尚未充分评估在开始抗逆转录病毒治疗(ART)时已处于 HIV 晚期的患者中,比克替拉韦/恩曲他滨/丙酚替诺福韦(BIC/FTC/TAF)的疗效。
本研究的目的是评估初治成人个体在开始 ART 时 CD4 计数<200 个细胞/mm³和/或存在 AIDS 定义性疾病的情况下,与其他一线抗逆转录病毒方案相比,BIC/FTC/TAF 的有效性和耐受性。该研究纳入了 2019 年 1 月 1 日至 2020 年 11 月 30 日期间来自 CoRIS 队列的、接受 CD4 计数<200 个细胞/mm³和/或 AIDS 定义性疾病的治疗初治成人个体。采用 logistic 回归模型来估计初始方案与病毒学抑制(VS)(主要终点)和免疫恢复(IR)(次要终点)之间的关联比值比(OR),定义为 HIV RNA<50 拷贝/mL 和 CD4 计数>200 个细胞/mm³。
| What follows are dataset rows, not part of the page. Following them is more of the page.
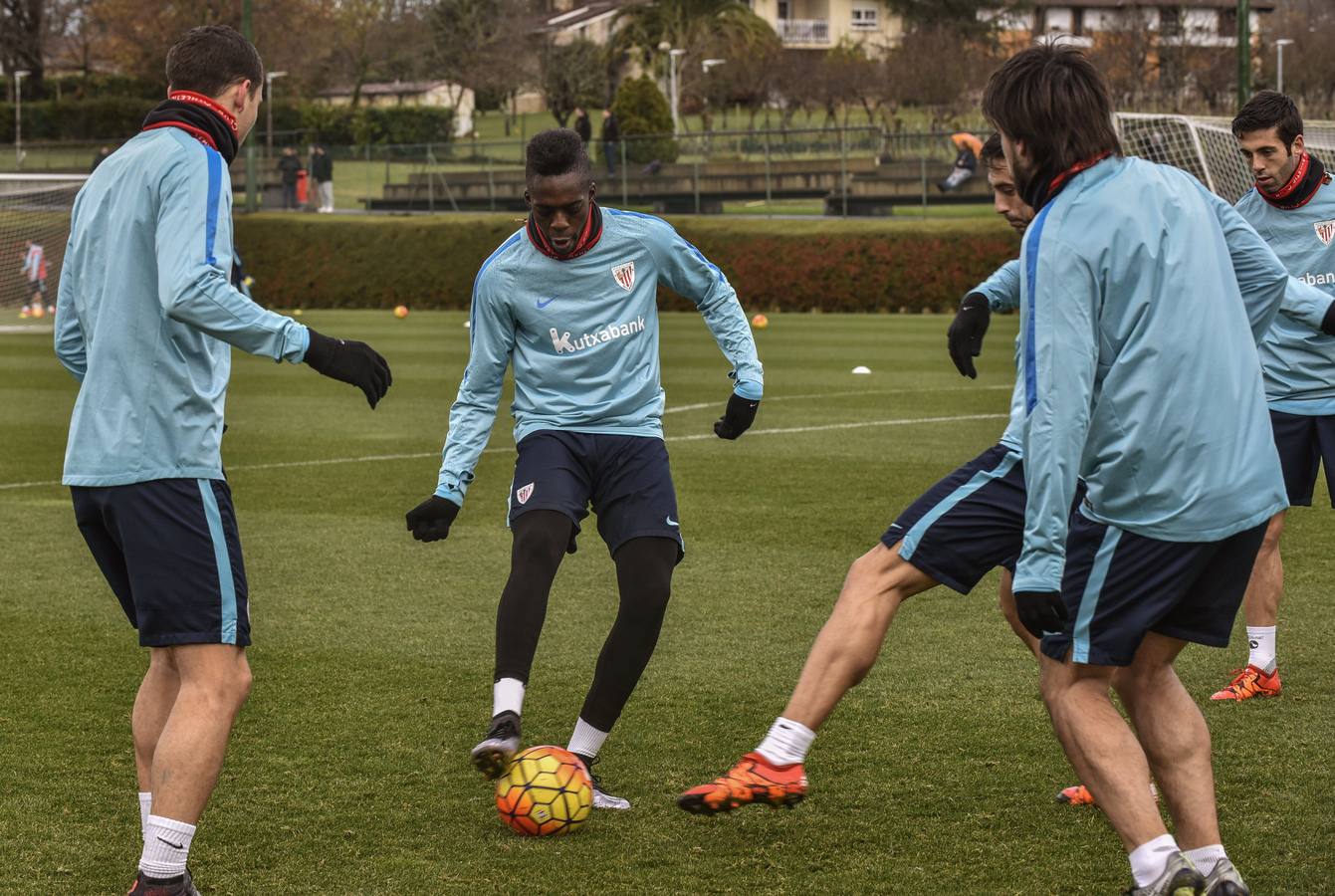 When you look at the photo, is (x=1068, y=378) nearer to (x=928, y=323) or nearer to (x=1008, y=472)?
(x=1008, y=472)

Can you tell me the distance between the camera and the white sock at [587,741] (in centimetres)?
540

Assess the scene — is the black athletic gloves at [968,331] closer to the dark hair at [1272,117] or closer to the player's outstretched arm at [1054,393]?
the player's outstretched arm at [1054,393]

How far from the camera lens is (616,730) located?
20.4 ft

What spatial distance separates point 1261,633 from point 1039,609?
313 cm

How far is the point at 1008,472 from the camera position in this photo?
4773 mm

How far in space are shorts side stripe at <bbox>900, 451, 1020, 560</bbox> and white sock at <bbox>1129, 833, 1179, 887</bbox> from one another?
1065mm

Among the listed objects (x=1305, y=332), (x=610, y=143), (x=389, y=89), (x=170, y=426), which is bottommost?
A: (x=1305, y=332)

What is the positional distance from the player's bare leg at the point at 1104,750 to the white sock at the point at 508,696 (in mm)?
1625

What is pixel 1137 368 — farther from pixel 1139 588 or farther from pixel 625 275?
pixel 625 275

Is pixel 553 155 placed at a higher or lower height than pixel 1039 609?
higher

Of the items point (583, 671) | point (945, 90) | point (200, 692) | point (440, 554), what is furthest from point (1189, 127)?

我们评估了 314 名个体(84.7%为男性,中位年龄 40 岁)。其中,158 名个体起始使用 BIC/FTC/TAF。纳入时,117 名个体存在 AIDS 定义性疾病。多变量分析显示,存在 AIDS 定义性疾病的个体在开始 ART 时使用 BIC/FTC/TAF 治疗时,24 周时的 VS 率高于其他方案(调整比值比[aOR]:0.2;95%置信区间:0.06-0.64),在 48 周时,高于比克替拉韦/恩曲他滨/丙酚替诺福韦(aOR:0.06;95%置信区间:0.01-0.76)和比克替拉韦+替诺福韦/恩曲他滨(aOR:0.2;95%置信区间:0.47-0.9)。未观察到 VS 或 IR 方面的其他差异。在 ART 开始后 24 和 48 周时,BIC/FTC/TAF 治疗中断率低于其他方案(分别为 3.2%和 7.6%,以及 24.4%和 37.8%;P<0.005)。
我们的结果表明,由于 BIC/FTC/TAF 具有高效性和良好的耐受性,因此在 HIV 晚期患者中作为初始治疗方案可能是一种首选方案。